Jobs were plentiful. The largest economic expansion in American history was still underway. It was many things, the ‘90s, but it was not an anxious age for most people.
Club nights were raucous and usually well attended back then. There was a bit of cash in people's pockets and it really showed. The decade had begun in both the U.S. and Europe with Doc Marten-wearing ravers in bright baggy t-shirts throwing weekend long dances, often tripping out of their minds to the new sounds.
There was, I recall, a very palpable shift that happened in the straight and gay clubs between the late ‘80s and early ‘90s that I witnessed first hand. It was the result of drugs, at least at first. Ecstasy, the new drug of choice in club scene, produced a blessed-out effect in the taker that was changing the atmosphere from Berlin to Buncrana.
All the coiled aggression and tension I had grown used to was vanishing overnight, and in its place came a new horde of grinning ravers who wanted to dance all night or throw their arms around you and talk nonsense for hours while flashing the biggest grins you had ever seen.
It was stupid, in other words. It was as though the hippies had finally returned from the Summer of Love, but this time without any of their guiding philosophies or political aims, with no aim at all really except as the band Primal Scream put it, to get loaded and have a good time.
I started to get a little nostalgic for all the aggro. Oh, I certainly appreciated no longer having to worry about being glassed by some overcompensating halfwit out to impress his girlfriend. That part I could support.
But the drugged-out eye rolls and the silly drug-inspired dancing and the godawful mediocrity of so much house and techno music really could not compete with the earlier drama of new wave or the complete transcendence of disco.
Only for a moment did the ‘90s really look like they would amount to something culturally with the unexpected arrival of Nirvana and Radiohead. Their music was dark and enraged but also, the longer you listened, overly melancholy and weirdly inert. Uncertain of where they stood or what they stood for, it quickly became apparent they were never going to lead a revolution.
So there was no next big thing. Even ‘90s fashion failed to find a proper form. Mostly it just reworked the greatest hits of the ‘80s and earlier eras and took its time finding new frontiers. Complacency had become so widespread that people decided they could take their time.

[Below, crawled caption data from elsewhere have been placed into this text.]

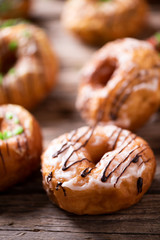Fresh doughnuts on wooden table
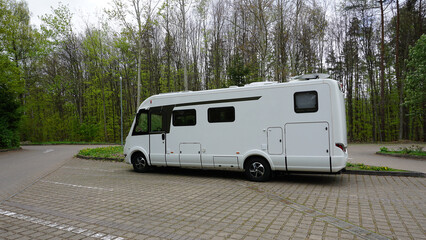 The one white modern campervan recreational motor home parked at road. Motorhome campground...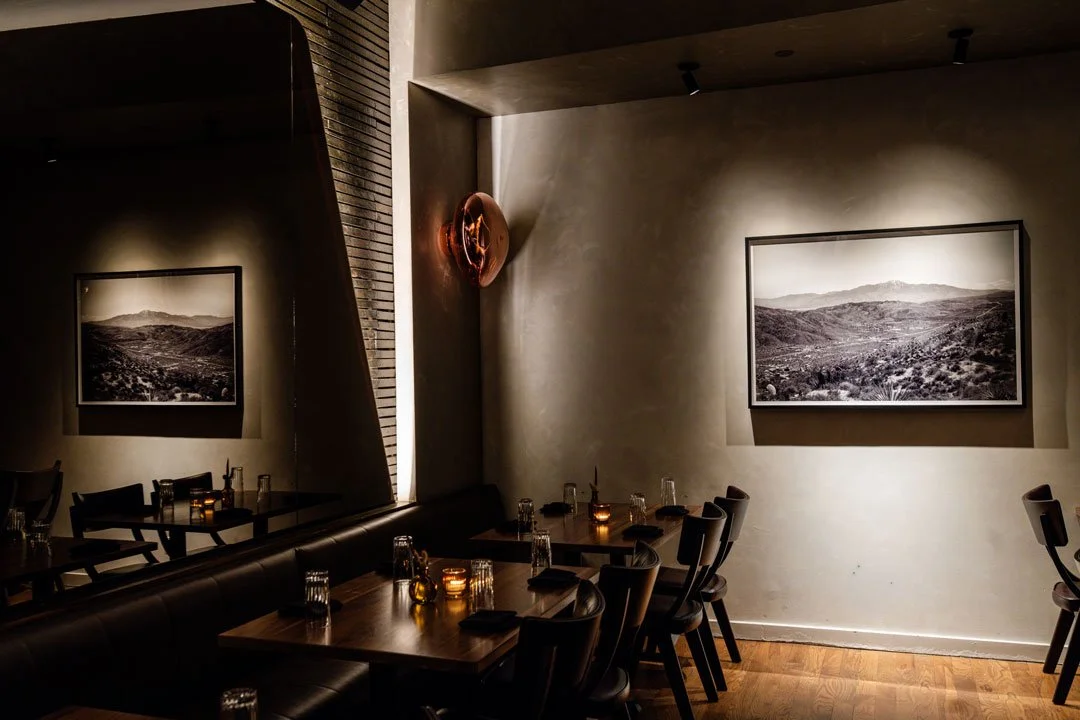El Che dining area by Siren Betty Design with a mirrored wall, leather banquettes, wood tables, and landscape photography.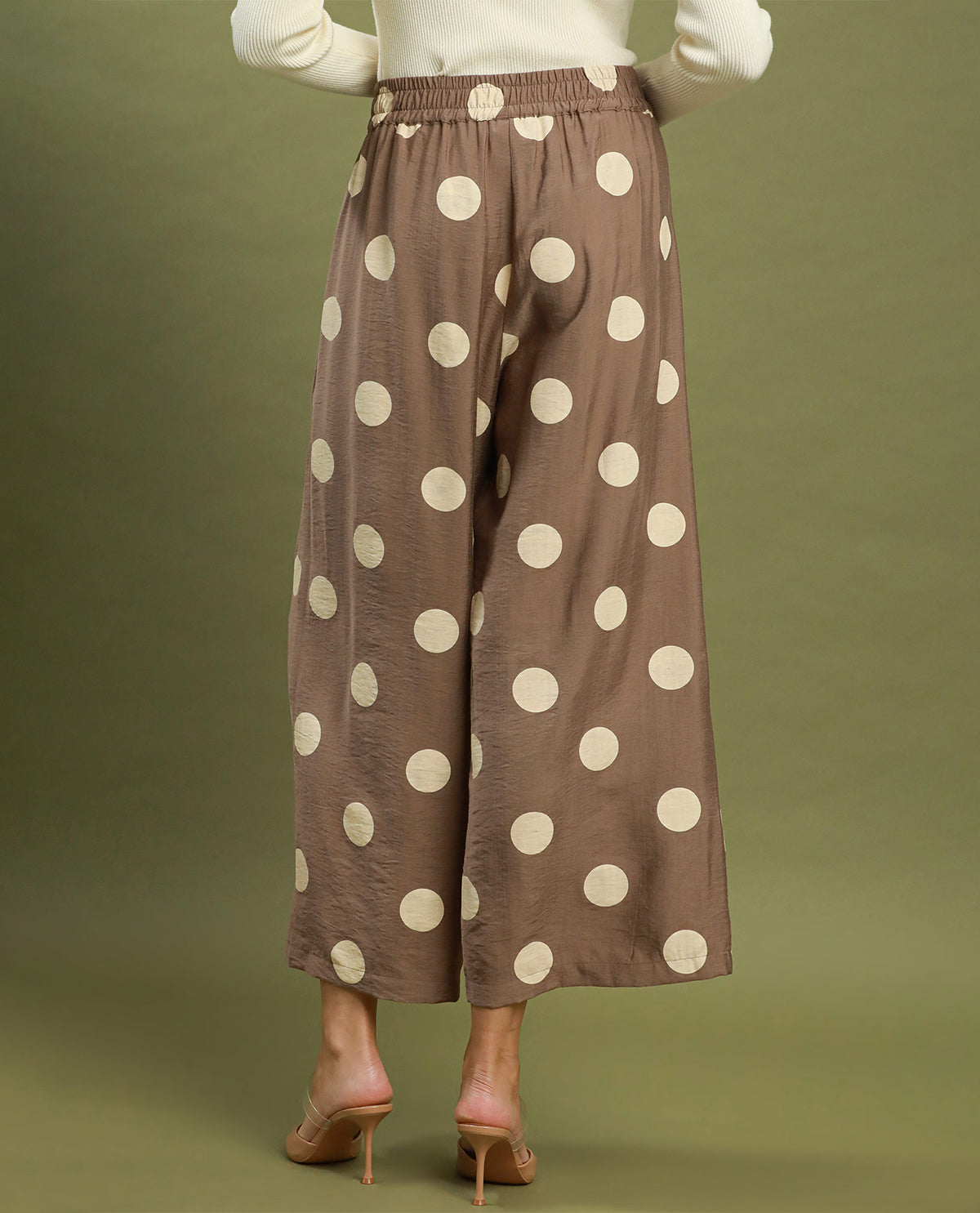 A person shown from the back wearing loose, wide-leg cropped pants in a taupe-brown color with large cream polka dots, paired with a white top and nude high-heel sandals, against a solid olive green studio background.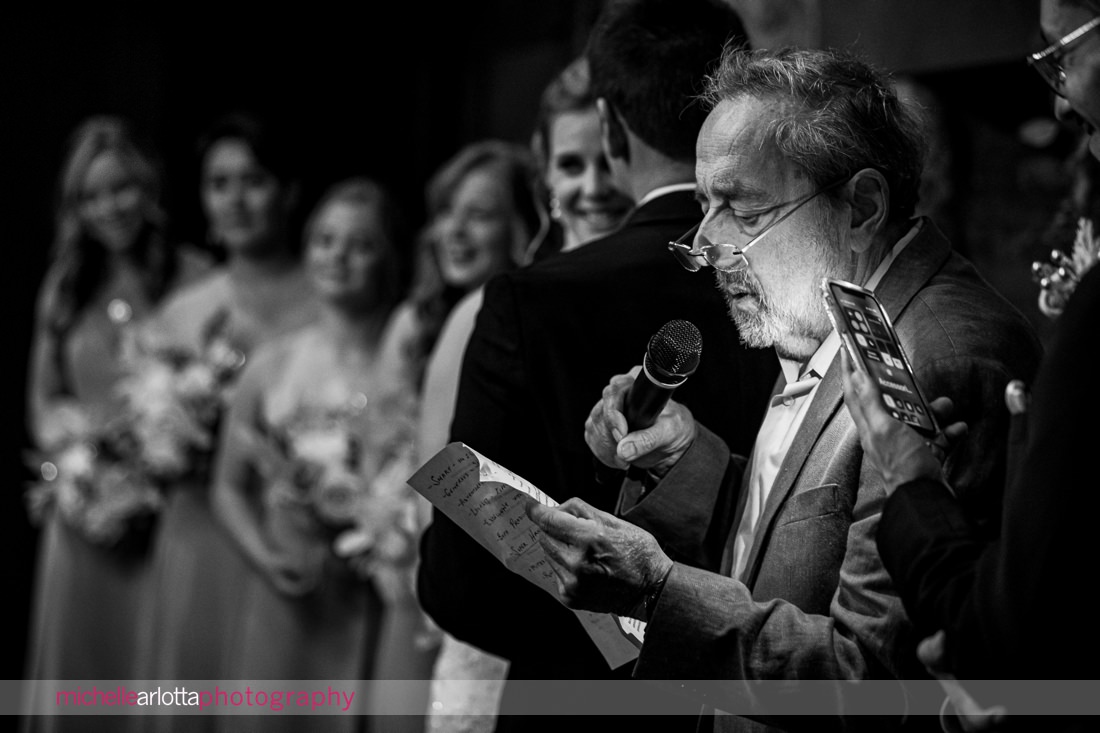 officiant reads by the light of a cell phone during Waterloo village nj wedding
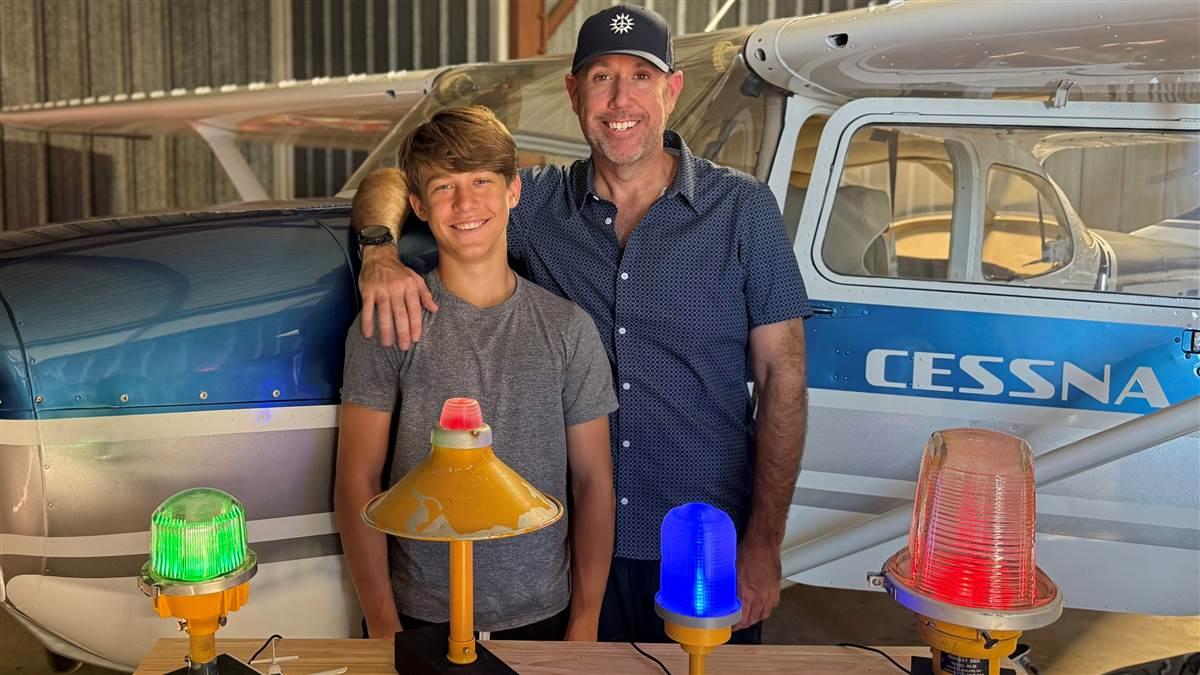 Joe and Joe North stand behind a table of METAR Lightworks lamps. What was originally a Father’s Day present has grown into a father‑and‑son project bridging aviation weather data and general aviation flying. Photo courtesy of Joe North.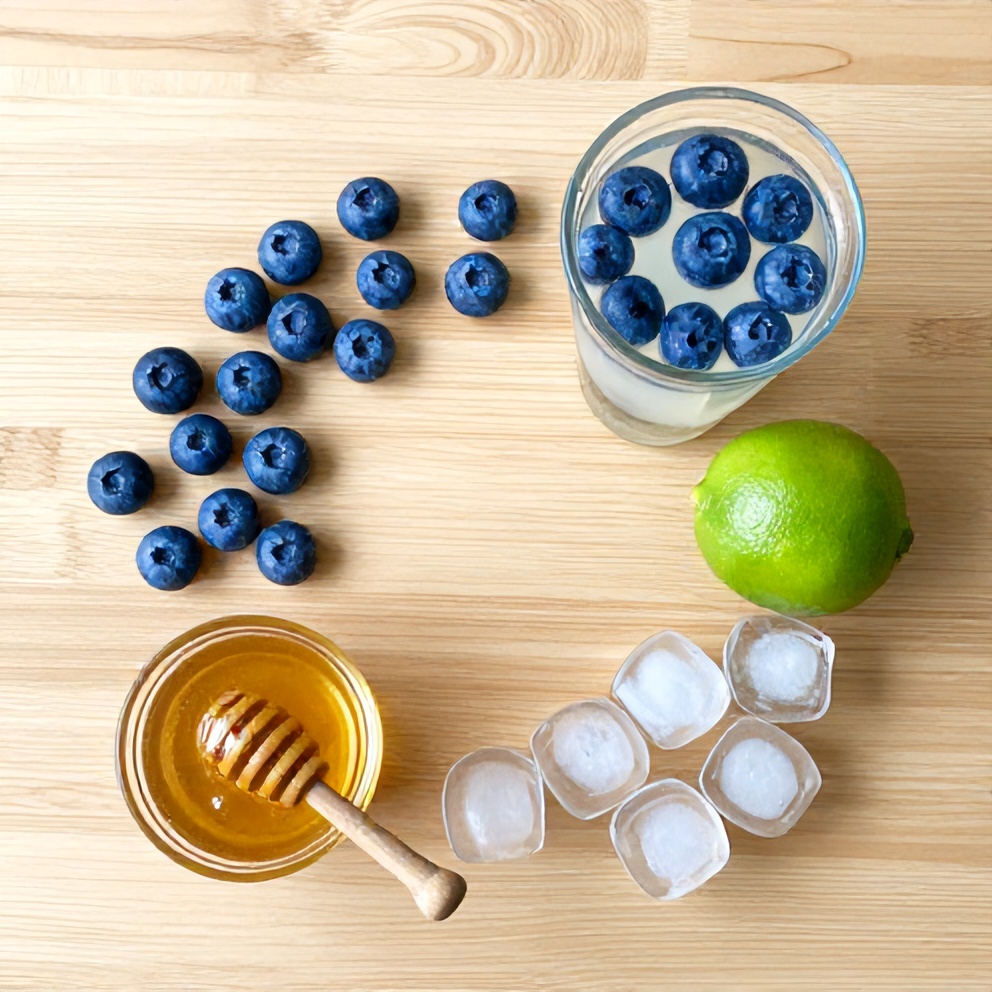 Blueberries, coconut water, lime, honey, and ice on a wooden surface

It feels as lost to me as Atlantis now, the ‘90s. Receiving an email was still a novelty, pulling out a cell phone was still an event.
But alongside all the laughably uninspired fashion and clunky emerging technology, the groundwork for our own bitterly faithless age was quietly being set too.
Something about the ‘90s used to bug me. I had a persistent feeling that the gap between how things looked and how they really were was an untenable and unsustainable lie.
It occurred to me that culture was being balkanized, clubs were being balkanized, our political parties were becoming increasingly balkanized too. All the hardline and dysfunctional ruptures that we now see everywhere around us in 2016 really started ripping apart in the ‘90s.
What had at first looked like an era of quiet progress was actually turning out to be a lie. The bitter feud about who would guide the direction of the country, who would decide its culture, who would police its expression, and who would be asked to sit down and shut up – that age old and never ending feud - was finally starting to burst right out into the open.
The fight we are seeing now on our presidential debate stages was decades in the making. Even the Clintons have returned for another round.